§ Task
Write out exactly, and only, the lines below from the line with "cut out group" through the line with "Chaqueta punto de"; pictures do not belong in the copy.

Supplied material: Begin

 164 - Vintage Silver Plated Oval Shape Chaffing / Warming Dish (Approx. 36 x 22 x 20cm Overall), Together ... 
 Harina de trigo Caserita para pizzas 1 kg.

Supplied material: End
Supplied material: Begin

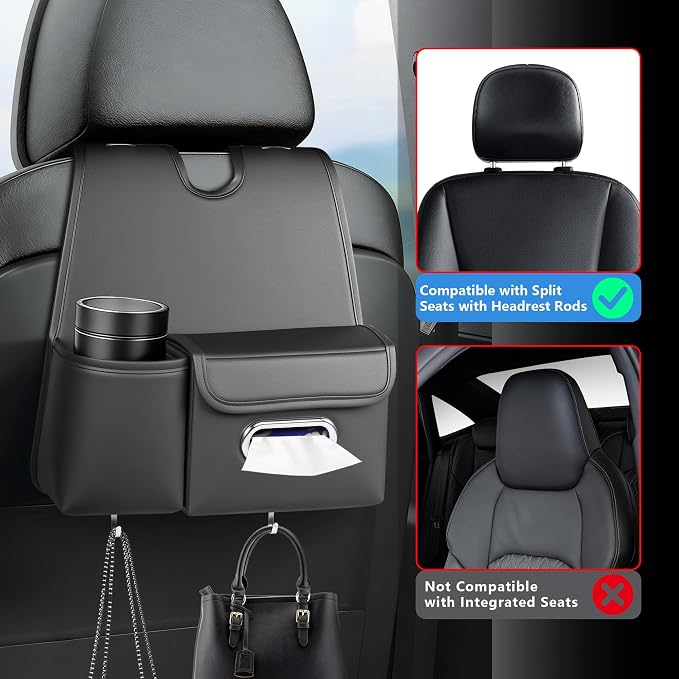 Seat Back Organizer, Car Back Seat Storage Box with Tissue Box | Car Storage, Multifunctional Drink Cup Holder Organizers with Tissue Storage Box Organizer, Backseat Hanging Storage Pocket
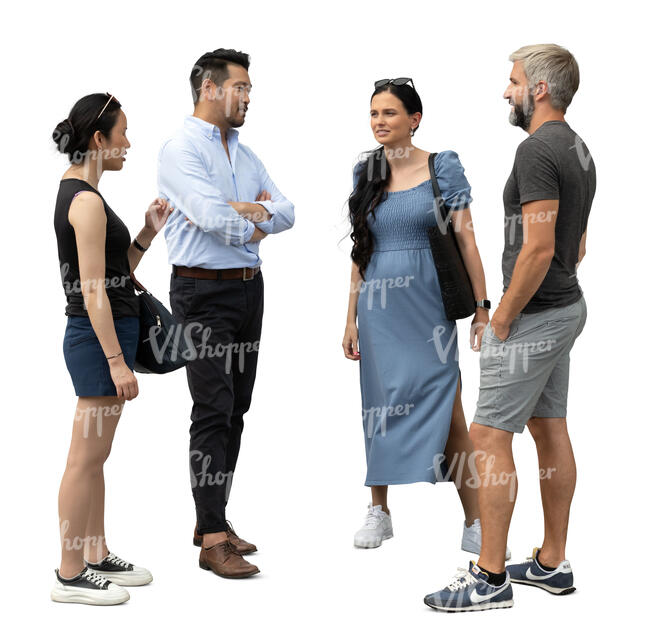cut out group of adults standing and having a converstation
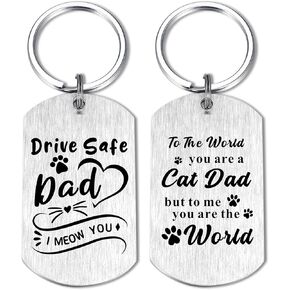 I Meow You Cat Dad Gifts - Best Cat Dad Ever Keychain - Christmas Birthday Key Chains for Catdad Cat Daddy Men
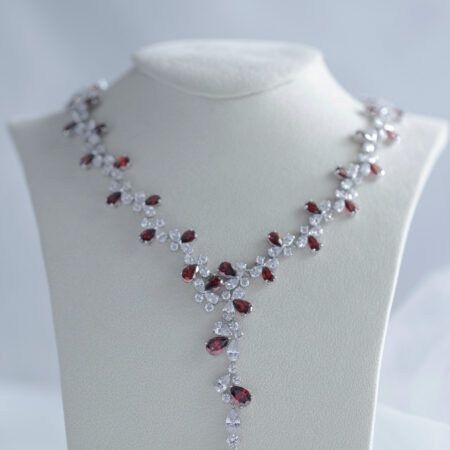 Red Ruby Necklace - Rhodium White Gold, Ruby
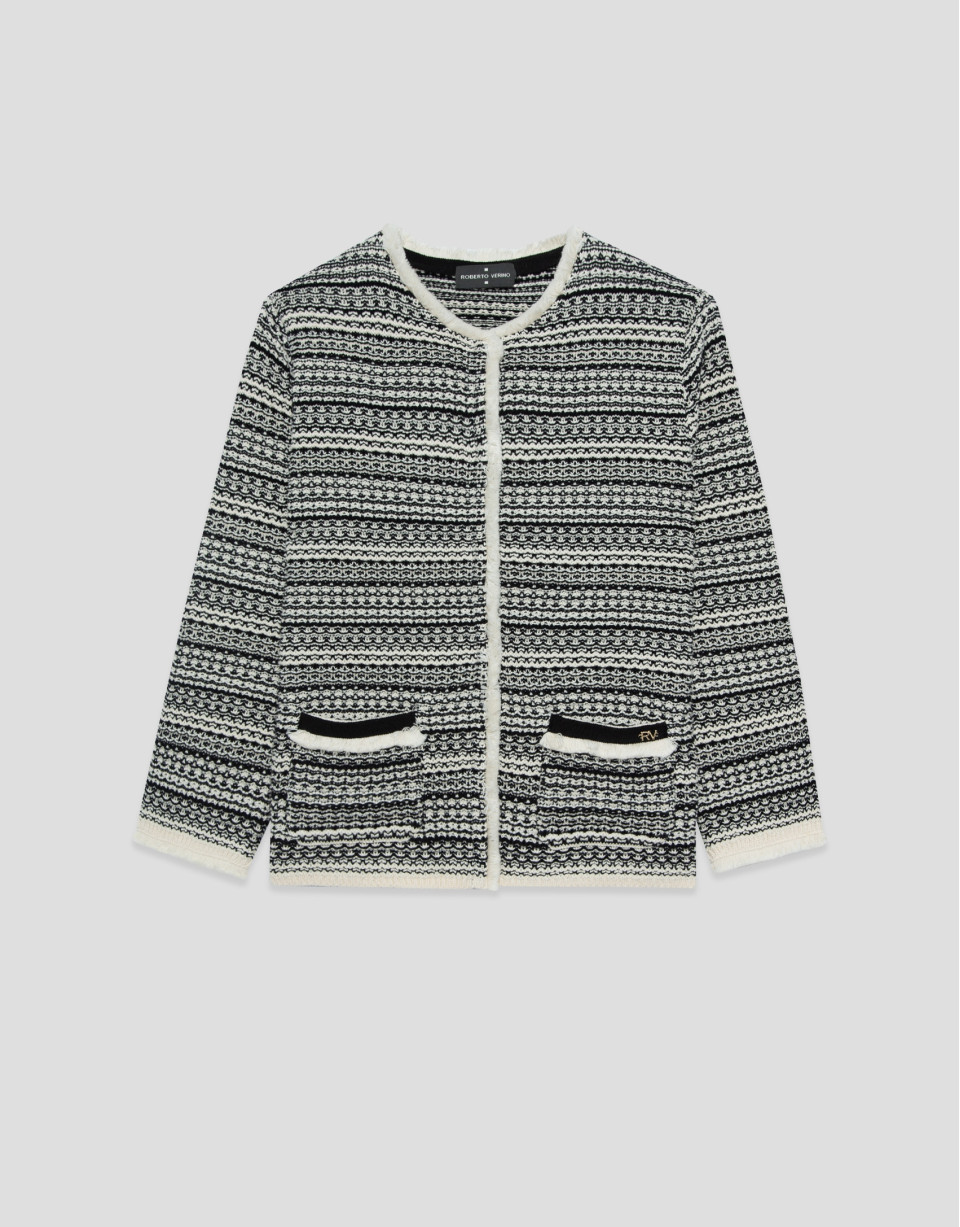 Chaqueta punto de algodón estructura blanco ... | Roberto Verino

Supplied material: End

§ Answer for the task
cut out group of adults standing and having a converstation
 I Meow You Cat Dad Gifts - Best Cat Dad Ever Keychain - Christmas Birthday Key Chains for Catdad Cat Daddy Men
 Red Ruby Necklace - Rhodium White Gold, Ruby
 Chaqueta punto de algodón estructura blanco ... | Roberto Verino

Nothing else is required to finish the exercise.